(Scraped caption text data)

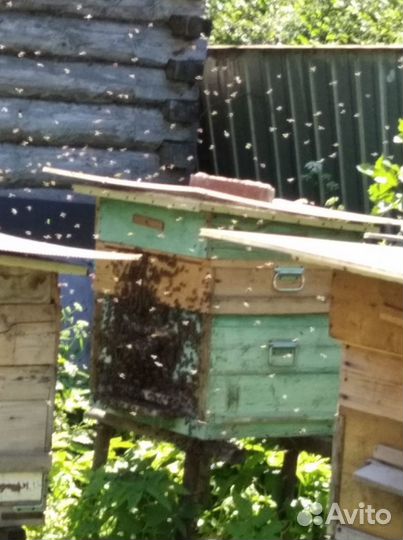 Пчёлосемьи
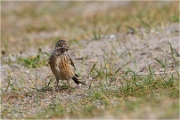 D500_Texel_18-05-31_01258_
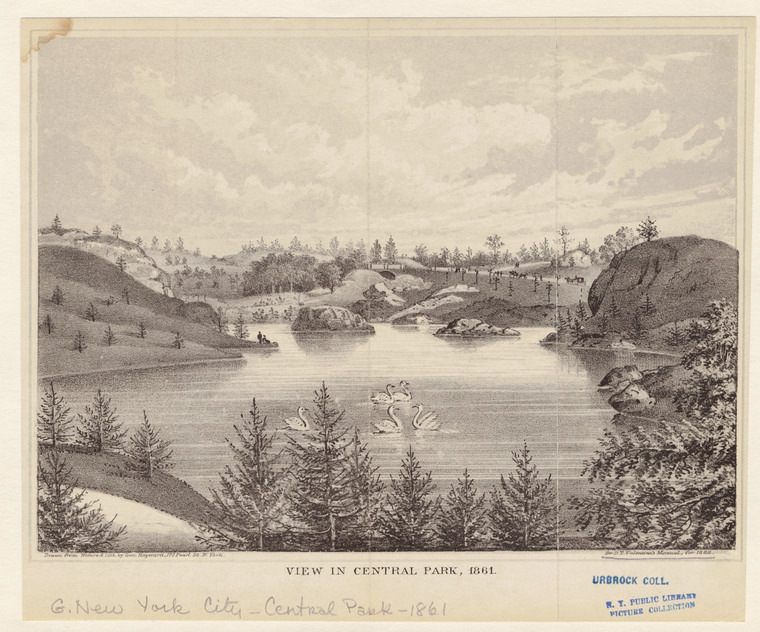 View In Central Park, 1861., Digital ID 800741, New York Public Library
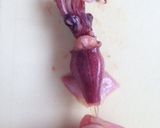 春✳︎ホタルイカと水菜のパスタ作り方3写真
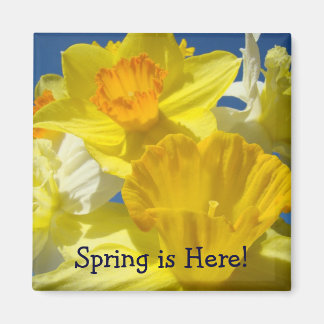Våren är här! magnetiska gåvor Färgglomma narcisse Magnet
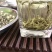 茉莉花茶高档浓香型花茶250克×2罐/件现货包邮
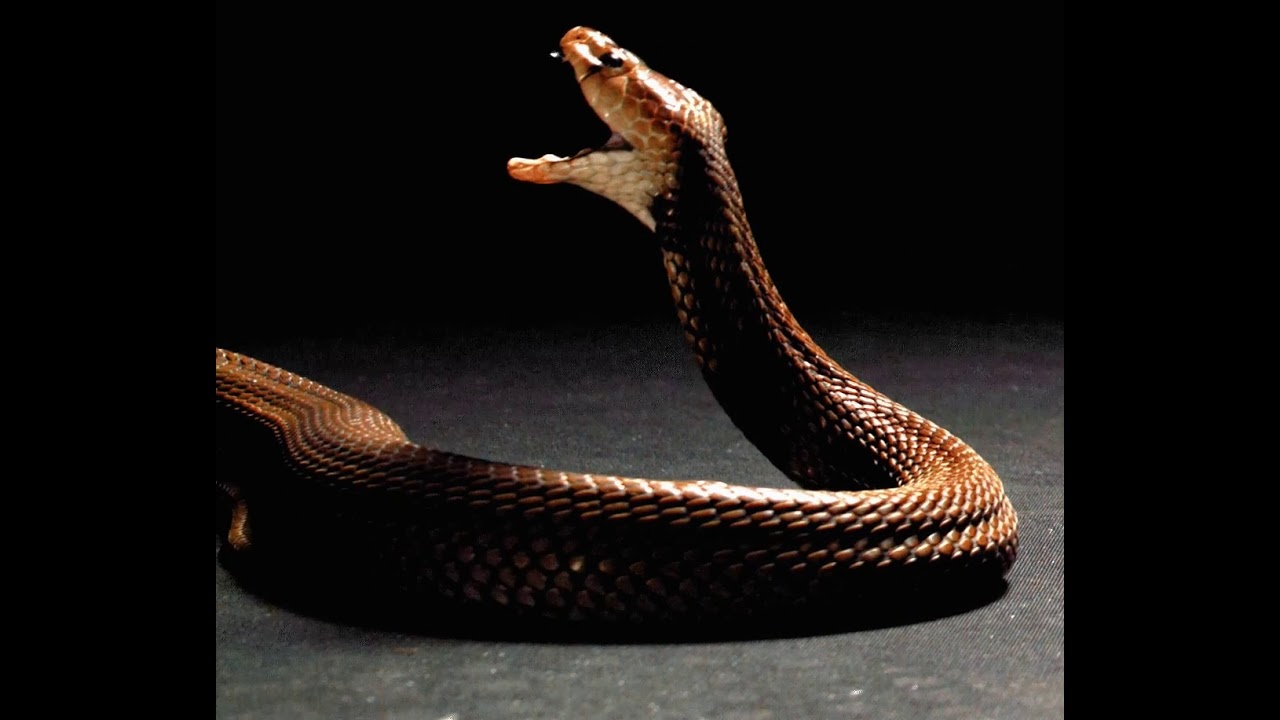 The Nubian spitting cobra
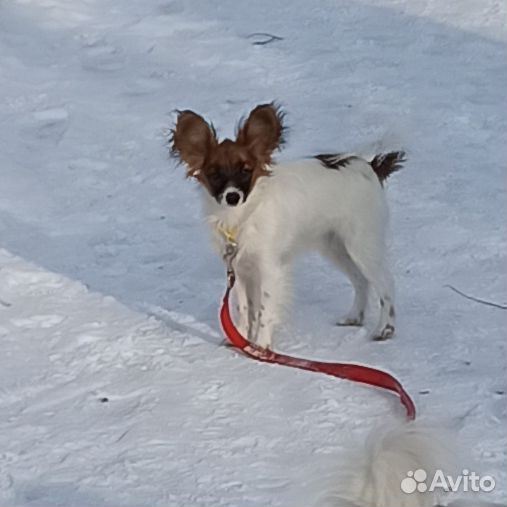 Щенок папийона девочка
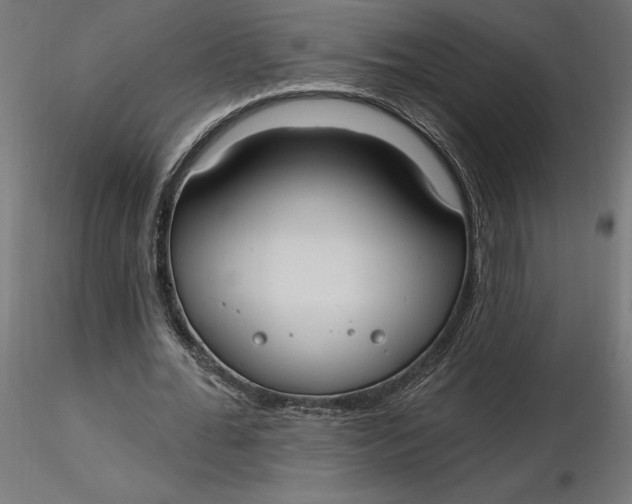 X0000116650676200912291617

## TASK TO CARRY OUT:
Your copy of the entries must be exact and must not include any of their pictures.

## FINISHED TASK:
 Пчёлосемьи
 D500_Texel_18-05-31_01258_
 View In Central Park, 1861., Digital ID 800741, New York Public Library
 春✳︎ホタルイカと水菜のパスタ作り方3写真
Våren är här! magnetiska gåvor Färgglomma narcisse Magnet
 茉莉花茶高档浓香型花茶250克×2罐/件现货包邮
 The Nubian spitting cobra
 Щенок папийона девочка
 X0000116650676200912291617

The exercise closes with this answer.